An alternative root etymology of Vedic vájra- (Avestan vazra-, Persian gurz ‘club, mace’) is as originally *‘breaker, smasher, crusher’, from the root seen in Hittite wāki ‘he bites’, wakkanzi ‘they bite’; Tocharian A, B wāk- ‘split apart, break, burst’; Greek ἄγνυμι ‘break into pieces, shatter’. Nowadays this root is often reconstructed as *u̯eh₂g̑- (or *u̯eh₂g-) ‘break’, as here, p. 664, in Lexikon der indogermanischen Verben. The g̑ would be required by Vedic vájra-, Avestan vazra-, etc.

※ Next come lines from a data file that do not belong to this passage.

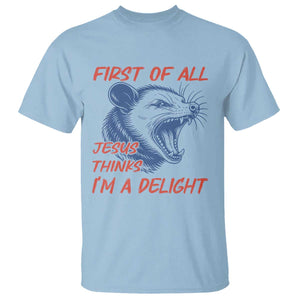 First of All Jesus Thinks I'm A Delight T Shirt Funny Opossum Christian TS14 Light Blue Print Your Wear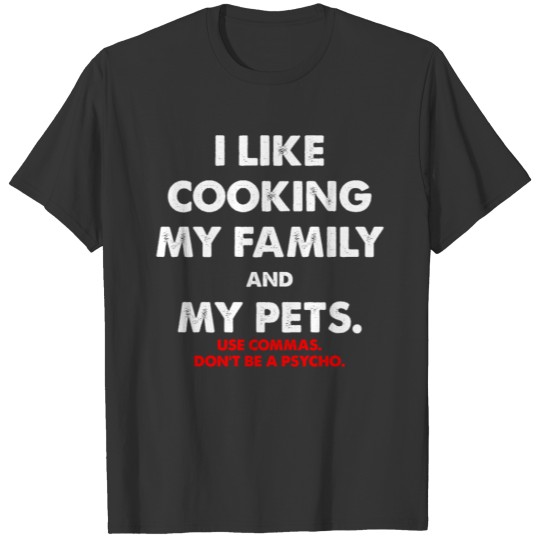 I Like Cooking My Family And My Pets Grammer Funny T Shirts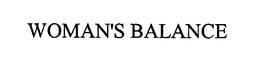 WOMAN'S BALANCE trademark
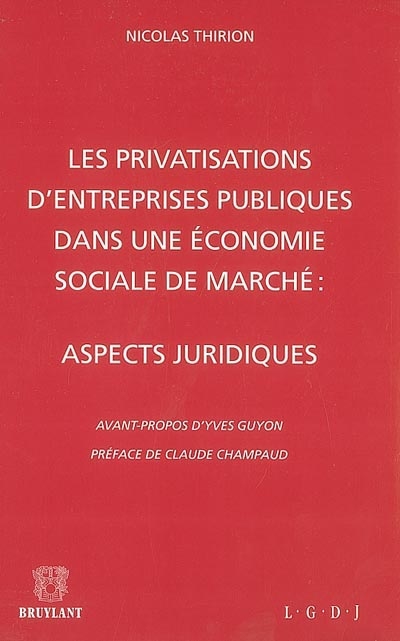 Les privatisations d'entreprises publiques dans une économie sociale de marché : aspects juridiques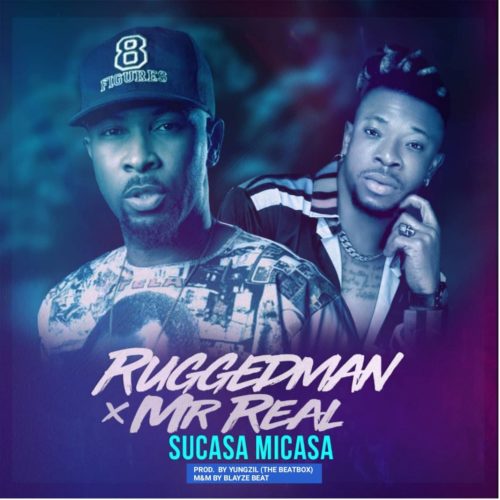 MUSIC | Ruggedman – Sucasa Micasa ft Mr Real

A full exposition of this etymology is found in chapter 42 ‘The name of Meleager’ in Calvert Watkins, How to Kill a Dragon: Aspects of Indo-European Poetics. From page 413 in that chapter:
Fun fact: the vájra-word was also borrowed into Uralic at some point—see the cognates here. So cognates in Samic, Finnic, and Mordvinic… this grouping is Juha Janhunen’s ‘Finno-Samic’, Jaakko Häkkinen’s ‘Finno-Mordvin’, I think.
I was told that the surname Wackernagel (as in Wackernagel’s Law) originally meant something like ‘geiler Ständer’, ‘einen munteren Penis habend’, vel sim. True?
Then Wackelnagel would be a declined form.
Or were they just taking the piss?
I vote for this derivation. Cornpone linguist humor.
Xerib: An alternative root etymology of Vedic vájra- (Avestan vazra-, Persian gurz ‘club, mace’) is as originally *‘breaker, smasher, crusher’, from the root seen in Hittite wāki ‘he bites’, wakkanzi ‘they bite’; Tocharian A, B wāk- ‘split apart, break, burst’; Greek ἄγνυμι ‘break into pieces, shatter’. Nowadays this root is often reconstructed as *u̯eh₂g̑- (or *u̯eh₂g-) ‘break’, as here, p. 664, in Lexikon der indogermanischen Verben. The g̑ would be required by Vedic vájra-, Avestan vazra-, etc.
That’s better. I really should have looked beyond Wiktionary, but it was too much hazzle when Bjorvand & Lindeman didn’t have the word.
The weapon might have been originally the ‘biter’; for the semantics compare IE *bheid- in Germanic (bite, beissen) and its association with the WEAPON in Germanic legend. [etc.]
Added data point: The “boat” word < *baita-, if that originally denoted a log boat or dugout canoe.
Then Wackelnagel would be a declined form.
Non ommnes possumus semper.
Wackelnagel
Der Wechsel von r zu l bewirkt die Erweichung im vorderen Glied.